Iqbal persuaded Asad to stay in India and join the freedom movement that would lead to the partition of India in 1947 and the birth of a new nation, Pakistan, after independence from British rule. Later, Iqbal would also ask him to help draft the Islamic foundations of the emerging state.
In 1939, when the Second World War broke out, Asad, who still held an Austrian passport, was arrested by British authorities after Austria joined Nazi Germany against the allied powers. He spent the next 6 years in internment camps with Germans and Austrians captured across British-ruled territories in Asia.
“I was the only Muslim, and the Muslim soldiers who watched me wanted to let me escape, but I steered away from that,” Asad told German journalist Karl Guenter Simon, who interviewed him and his wife at their final home in Spain in 1988.
Upon his release, Asad devoted himself to shaping the framework of a Muslim state for Pakistan, soon becoming involved in a diplomatic mission to Saudi Arabia.

HIGHLIGHTS

• Leopold Weiss, born to a Jewish family in the then Polish city of Lwow, spent most of his life in the Mideast and South Asia.

• He arrived in India in 1932 and was persuaded to join the freedom movement by Iqbal, Pakistan’s ideological father.

“After its formation, Pakistan had no embassy in the (Saudi) Kingdom,” Chughtai, the historian, said. “All matters related to Pakistani pilgrims were looked after by the country’s mission in Cairo.
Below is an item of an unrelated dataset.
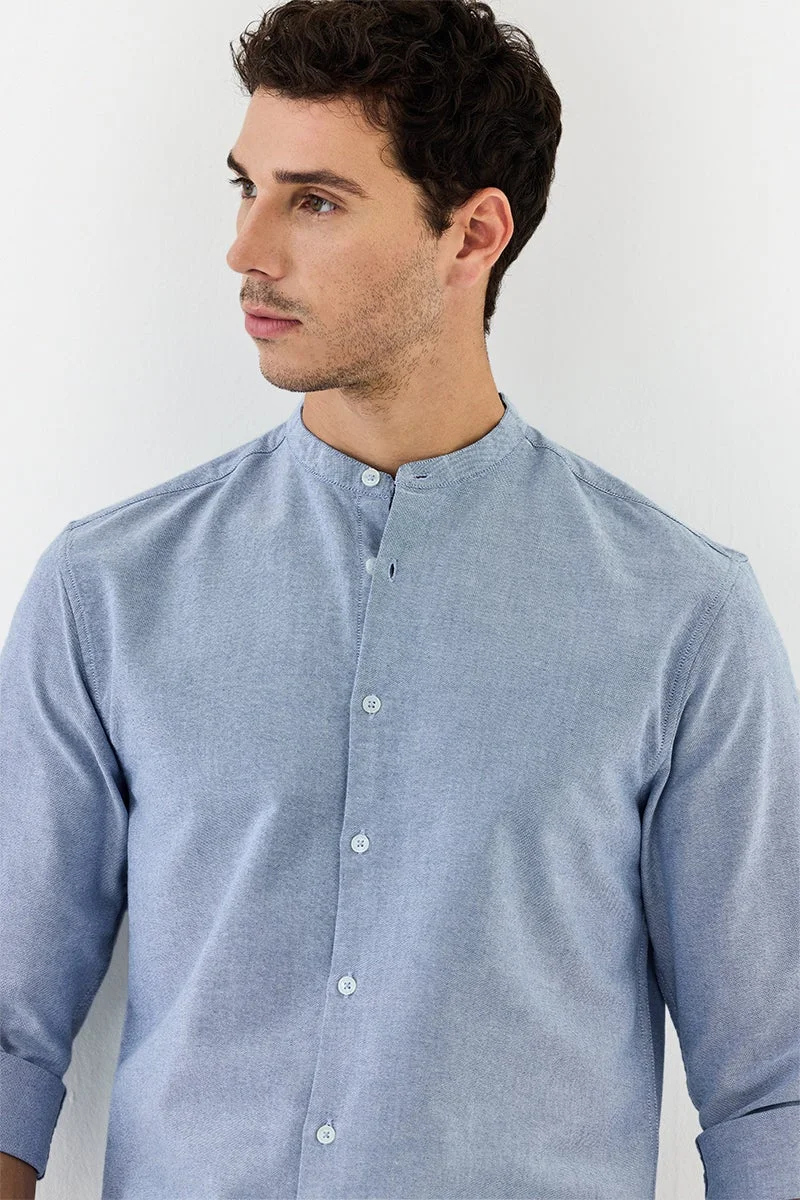 SNITCH Light Blue Solid Long Sleeve Regular Fit Shirt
Pakistan wanted to send Muhammad Asad to Saudi Arabia in 1947 on an official visit to represent the newly formed state.”
But Asad had no travel documents valid for a visit to Saudi Arabia, as Pakistan had no passport laws at the time.
“Asad then went to Liaquat Ali Khan,” Chughtai said, referring to Pakistan’s first prime minister. “On Ali Khan’s special instruction, he was given the first passport issued by the Pakistani government. He kept that passport until his death in 1992.”
Asad’s lifelong association with Saudi Arabia began in 1927 during a Hajj trip to Makkah where he met and befriended King Abdul Aziz Al-Saud, the first ruler of the Kingdom.
“The king invited me to stay in his realm,” Asad said in what is believed to be his last television interview, to the Islamic Information Service (IIS). “And I stayed for 6 years without interruption ... It was a wonderful experience, a wonderful time … He was one of the most outstanding men I have known.”
Asad remained close to the Saudi royal family and, many years later, would use this affinity to help forge Saudi-Pakistani ties. “Muhammad Asad was the pioneer in the establishment of friendly relations between Pakistan and Saudi Arabia. He was very close to Prince Faisal who was the foreign minister of Saudi Arabia at that time,” Chughtai said, alluding to King Abdul Aziz’s son and successor to the throne.